Configuration and Network Change Management
NetQoS Performance Experts
Many times the hardest part about change is understanding and documenting the impact. When you understand the impact, it becomes easier to handle and manage. Through historical reporting and evaluation systems, environmental changes and their respective impacts can be quantified after a change occurs. Frequently when planned or unplanned changes occur in an environment, you get unexpected outcomes.
Through performance reports, you can validate applying changes to improve performance levels. In Figure 1, network latency is choppy and inconsistent for a particular business-critical application with remote users. After applying a QoS rate-limiting policy on large FTP transfers competing for resources and priority with a business-critical application, the network latency improves to average less than a second and is more consistent.

From the server side, the server response times for a business-critical application server are extremely large with an average 1.5 second response time. After evaluating the server's CPU and memory capacity, a change was implemented to improve caching on the server. When the server was rebooted (big dip of data shown in Figure 2), performance levels improved dramatically to half their previous levels. Response time trends over time allow users to quantify the impact of change and ensure the upgrades or changes actually improve performance levels for applications, servers, and networks.

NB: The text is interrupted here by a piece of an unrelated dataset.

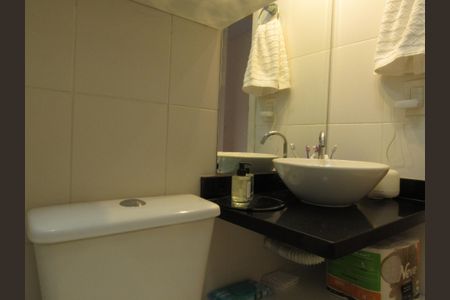 Apartamento para alugar com 53m², 2 quartos e 1 vagaBanheiro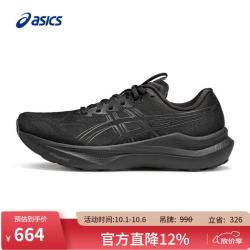 亚瑟士 稳定支撑 男士跑鞋  黑色/灰色 通用 42.5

With application rollouts, typically users are rolled out gradually to ensure the increased load does not impact overall performance for the newly added users. As shown in Figure 3, additional users start using a human resources application over a weekend as illustrated by the increased number of TCP sessions from users to the server. Monitoring the number of sessions helps establish how many users and sessions are initiated by the users to a server or group of servers.

In the next application rollout example, Figure 4 illustrates that while the new users start appearing, performance levels remain the same. For this application rollout, the new users did not affect the application's performance levels.

In another example of change management, the application rolled out shows degraded performance because of the increased users. As shown in Figure 5, the number of users increased from 45 to 70 over the weekend. The users graph calculates the number of users or subnets connecting into a server or application pair.
.jpg)
With the corresponding user increase, the data volume also increased. Figure 6 shows the data volumes to and from the server for the users. The increased number of users corresponds with the increases in data volumes.

For the response times and the affect on end-user interaction, the increase in users also corresponds to a 40% increase in overall transaction times. As illustrated in Figure 7, primarily the network latency increased for new users coming into the infrastructure.

For the newly added users, the network latency itself increased. The new users are from a remote site on higher latency links, which causes the increases in response times. As shown in Figure 8, the larger network latencies for the application are caused by the increased users with the longer latencies.

Each time you introduce a change, there is an inherent risk that the change could do nothing or do harm rather than the usual goal of improving performance. To that end, you must have sufficient instrumentation in place before you make a change to observe and precisely understand the impact. As described in the examples, you can mitigate the risks in case something goes wrong or you get unintended consequences.
|